**Problem statement:**
Your output must be the lines below from the line containing "Vtg Jvc PC-W47" to the line containing "Generalgold LED TV", both lines included, reproduced exactly and without pictures.

**Data for analysis:**

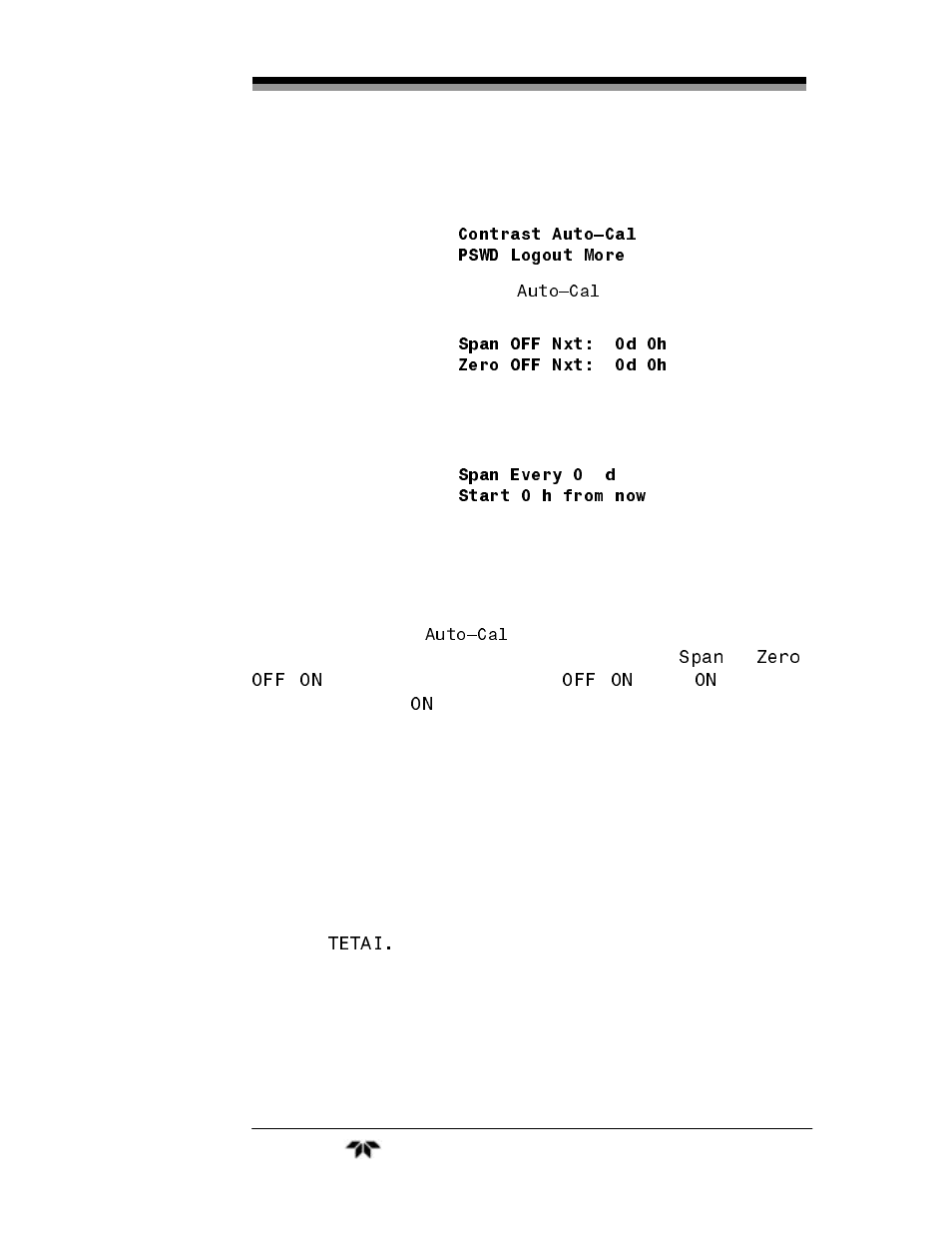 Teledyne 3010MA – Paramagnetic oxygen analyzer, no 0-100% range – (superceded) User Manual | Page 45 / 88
* * *
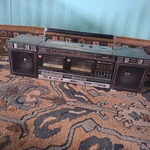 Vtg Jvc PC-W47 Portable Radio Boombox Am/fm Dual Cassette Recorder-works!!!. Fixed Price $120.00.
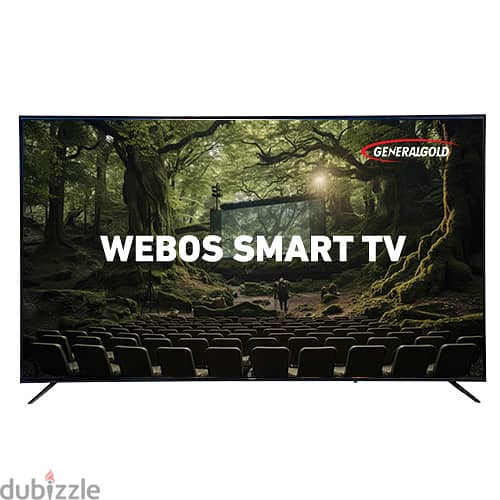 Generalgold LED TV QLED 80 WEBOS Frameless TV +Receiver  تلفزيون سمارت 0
==
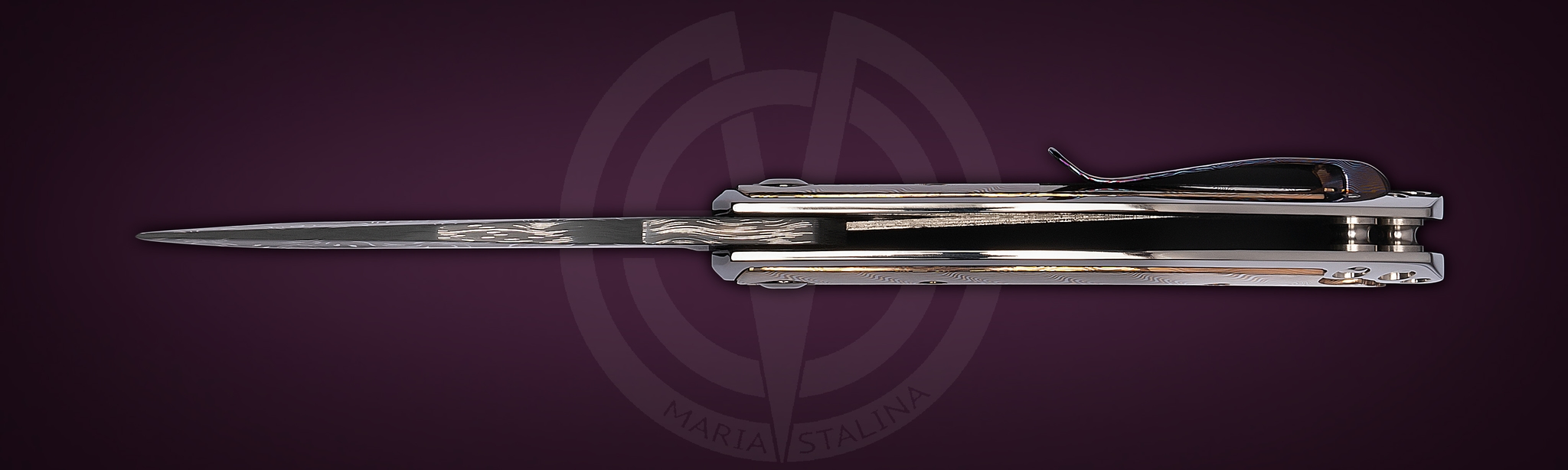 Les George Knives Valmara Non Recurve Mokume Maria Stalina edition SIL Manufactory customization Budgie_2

**Task output:**
 Vtg Jvc PC-W47 Portable Radio Boombox Am/fm Dual Cassette Recorder-works!!!. Fixed Price $120.00.
 Generalgold LED TV QLED 80 WEBOS Frameless TV +Receiver  تلفزيون سمارت 0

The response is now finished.